Two of Faust’s Three Mighty Men enter the Anti-Emperor’s tent, which is piled up with wealth. They try to take little chests full of gold, but even these are all absurdly heavy. Several of the Emperor’s bodyguards enter and denounce the two Mighty Men as thieves, who in turn take what they can and clear out. The guards wonder why they didn’t attack the two Mighty Men, and wonder also why these two were somewhat ghost-like.
The abundance of gold in the Anti-Emperor’s tent both suggests how abysmal the Emperor himself is at creating prosperity for his people (all his money is wasted on wine, we might think) and also how leaders selfishly hoard wealth for themselves. The Emperor’s guards seem unaware that the war was won through magic.
The Emperor enters with four princes. He is overjoyed that his army has won, regardless of the means. He gives high titles to the princes—Arch-Marshal, Arch-Cupbearer, and the like—and he grants them, along with the Chancellor-Archbishop (who enters during these proceedings), fine estates and authority subordinate only to his own. The four secular princes exit.
The Emperor misguidedly promotes all the advisers who celebrated when the paper money was fatally circulated. These men have bad judgment, and yet they only continue to rise in power. No real recovery for the Emperor’s realm seems likely.
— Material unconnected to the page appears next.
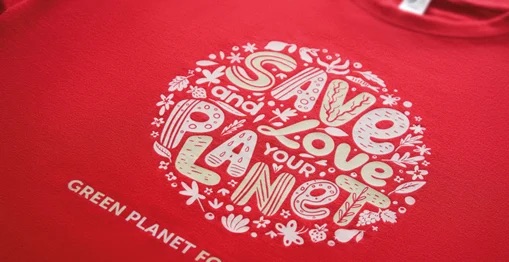 Sieta transfera apdruka uz sarkana krekla — Save and Love Your Planet dizains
The Chancellor-Archbishop remains. He is gravely concerned that the Emperor conspired with Satan to achieve his magical victory, and worries that the Pope will consequently destroy the Emperor’s sinful realm. The Emperor says he will do anything to repent, and the Archbishop tells him to build a great cathedral and also to give gold to the Church, as well as donating building materials and laborers. The Emperor consents, and in his capacity as Chancellor his subordinate tells him that he’ll settle the details.
The Chancellor-Archbishop speaks as though he were a pious critic of the Emperor’s Satanic alliance, but he is actually interested in consolidating his power and that of the Church as much as possible, going so far as to take advantage of a bloody crisis to do so. This is unchristian conduct in the extreme.
Finally, the Chancellor-Archbishop reminds the Emperor that he granted Faust the Empire’s coasts to rule as a feudal lord. The Archbishop demands for the Church the tithes, rents, dues, and taxes from this land as well. The Emperor responds with annoyance that this land doesn’t even exist yet, since it’s only high sea still. The Chancellor-Archbishop nonetheless insists, then exits. Alone, the Emperor sighs that, at this rate, he’ll soon have signed his entire realm away.
It is ironic that to secure power over his kingdom, the Emperor gives most of it away and subjects what remains to exorbitant taxation. He sighs that he has signed his realm away, overlooking the much more important fact that he has totally failed the people he governs.